The Truth Behind the Legends of the Flying Dutchman

 

The Flying Dutchman by Charles Temple Dix. Wikimedia Commons. Public Domain

Sightings of The Flying Dutchman

On the face of it, the legend of The Flying Dutchman, sounds like a fable, warning against arrogance and reckless behavior at sea. However, many ship’s crews between the eighteenth and twentieth century have claimed to have seen the phantom ship. The first reference to a sighting of The Flying Dutchman appeared in John MacDonald’s “Travels in Various parts of Europe, Asia, and Africa during a Series of Thirty Years and Upwards” in 1790 when the author noted, The weather was so stormy that the sailors said they saw the Flying Dutchman.”

In the years to come, other sailors would log their sightings of the ghost ship. Perhaps the most compelling report of a supposed sighting of The Flying Dutchman comes from 1881. On July 11, a vessel containing the future King George V, his brother, Prince Albert Victor and their tutor John Neill Dalton lay moored in the Bass Strait off the Australian coast between Melbourne and Sydney. The royal party was on a three-year voyage around the globe. However, a 4am the Prince’s saw a sight they could not have expected when, as their log recorded, “the Flying Dutchman crossed our bows.”

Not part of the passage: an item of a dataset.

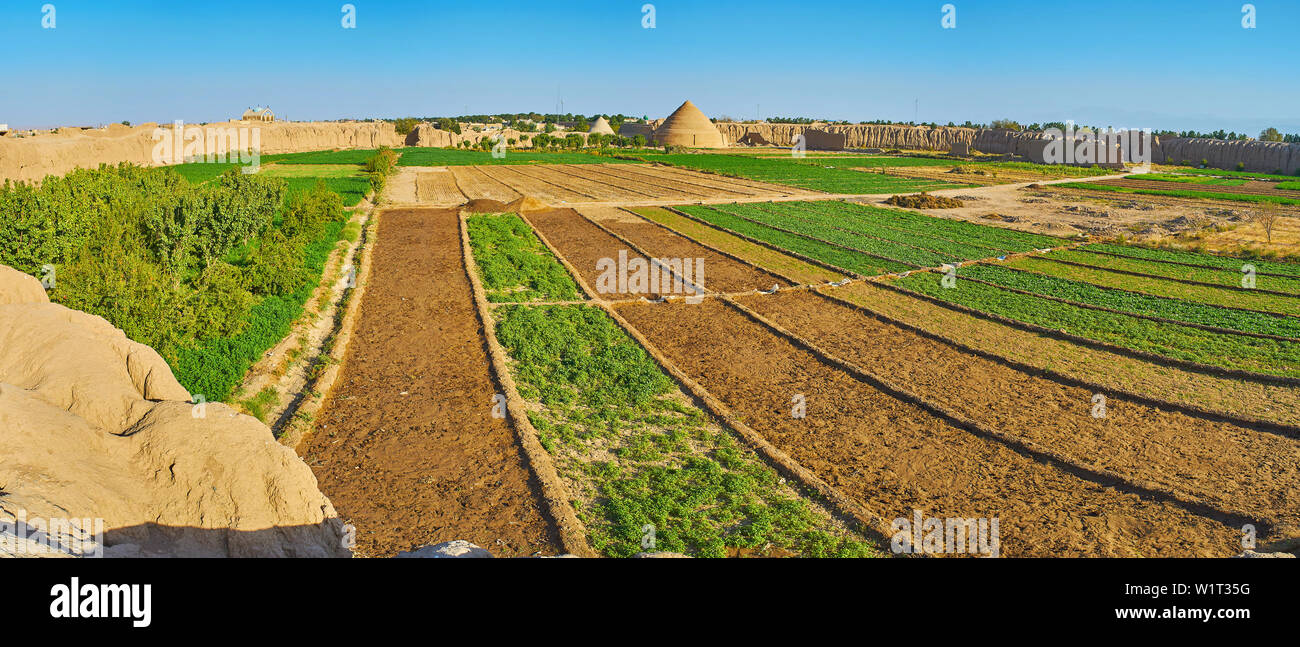 Panorama de Ghaleh Jalali fortres avec cuisine les jardins et les champs des habitants, entourée de vieux murs d'argile, Kashan, Iran Banque D'Images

 “A strange red light as of a phantom ship all aglow, in the midst of which light the masts, spars, and sails of a brig 200 yards distant stood out in strong relief as she came up on the port bow,” described the royal report. “The officer of the watch from the bridge clearly saw her, as did the quarterdeck midshipman, who was sent forward at once to the forecastle; but on arriving there was no vestige nor any sign whatever of any material ship was to be seen either near or right away to the horizon, the night being clear and the sea calm.

George V when Duke of Cornwall and York’. Wikimedia Commons. Public Domain

The log entry has a sinister postscript that seems to lend credence to the Dutchman’s ill-omened reputation. For the Princes also recorded that “At 10.45 a.m. the ordinary seaman who had this morning reported the Flying Dutchman fell from the foretopmast crosstrees on to the topgallant forecastle and was smashed to atoms.”

In 1939, beachgoers saw the Dutchman for the penultimate time on the South African coast. The British South Africa Annual drew upon local newspaper stories to reports how “With uncanny volition, the ship sailed steadily on as the Glencairn beach folk stood about keenly discussing the whys and wherefores of the vessel. Just as the excitement reached its climax, however, the mystery ship vanished into thin air as strangely as it had come.” Three years later, four witnesses saw the Dutchman sail into Table Bay, off Cape Town. It vanished-never to be seen again.